Александр положил ему на колено руку.
- Поеду, сын, я. На меня хан зло таит, мне и ответ держать. Да только мыслю я, что надо в Орду ехать тайно, дабы о том Иван не проведал. Ежели Калита дознается и в Орду приедет со мной в одно время, не быть мне живу.
- Слух надобно пустить, что ты, князь, в Литву отъехал. А чтоб тот слух до Москвы дошёл, надобно, чтоб о нём твой братец Константин узнал. Он Ивана о всём упреждает, и Калита ему поверит.
Александр согласно кивнул, добавил:
- Для большей верности надобно явно в Смоленск к князю Ивану Александровичу явиться. А заодно и его противу Калиты подбить…
В полночь над Москвой повис тревожный набатный гул. Его подхватили малые звонницы, понесли через ближние леса, будоража окрестные сёла и деревеньки.
Набат разбудил Фёдора Васильева. С переполоху ёкнуло сердце: «Не Орда ли набежала?»
Второй день Фёдор в Москве. Послал его тверской князь Константин уведомить Ивана Даниловича, что Александр из Пскова отъехал к смоленскому князю Ивану Александровичу. И с тем Иваном противу Москвы уговор держали. А Смоленск князь Александр покинул тайно, куда - неизвестно.
Фёдор вскочил. В посольских покоях розовый свет переливается, пахнет гарью. С улицы сквозь гул и звон доносится людской гомон. Кто-то распахнул дверь, на ходу крикнул:
- Москва горит!
Много бед причиняли пожары Руси. В сутки-другие сжирал огонь целые города. Дотла сгорали рубленые княжеские и боярские хоромы, ремесленные посады, в пламени рушились бревенчатые крепостные стены. Но едва уляжется дым и не успеют просохнуть бабьи слёзы, как на пепелище люди рубили новый город…

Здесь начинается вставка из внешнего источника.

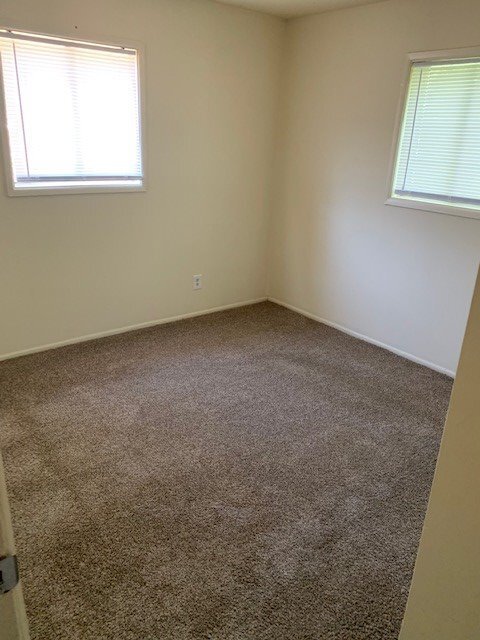 Photo - Unique 4 bedroom home available NOW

Фёдор опрометью выбежал во двор. Над посадом высоко в небо взметались клубы огня. С треском валились объятые пламенем избы. Искры сыпались на соломенные и тесовые крыши, разгорались новыми пожарами. Повсюду стоял плач и крик. У княжьих хором суетилась челядь. Из клетей тащили кованые сундуки, лубяные коробья, грузили на возы. Тут же конные дружинники. Дворский Борис Михалыч покрикивал:
- Торопись, покуда огнище не перекинулось!
«Тайник вывозят», - догадался Фёдор.
К Фроловым воротам проехал возок с княгиней и детьми, за ними возок с митрополитом. Следом рысью проскакали десятка два-три воинов с молодым князем. Семёном.
Фёдор, как был босой, в портах и ночной рубахе, побежал на Подол. На пожарище командовал Калита. Его окружили мужики и бабы. В ночной рубашке, с взлохмаченными волосами, он зычно распоряжался:
- Мужики, рушь усадьбу, не давай пламени воли! Бабы, становись цепочкой, передавай бадьями воду из реки, заливай огонь!
Фёдор выхватил из рук растерявшегося мастерового топор, полез на крышу ближней избы. Мастеровой ухватил его за порты, завопил:
- Куда? Моя изба, не дам рушить!
Фёдор разозлился:
- Уйди, леший! Хошь, чтоб через твою избу вся Москва выгорела?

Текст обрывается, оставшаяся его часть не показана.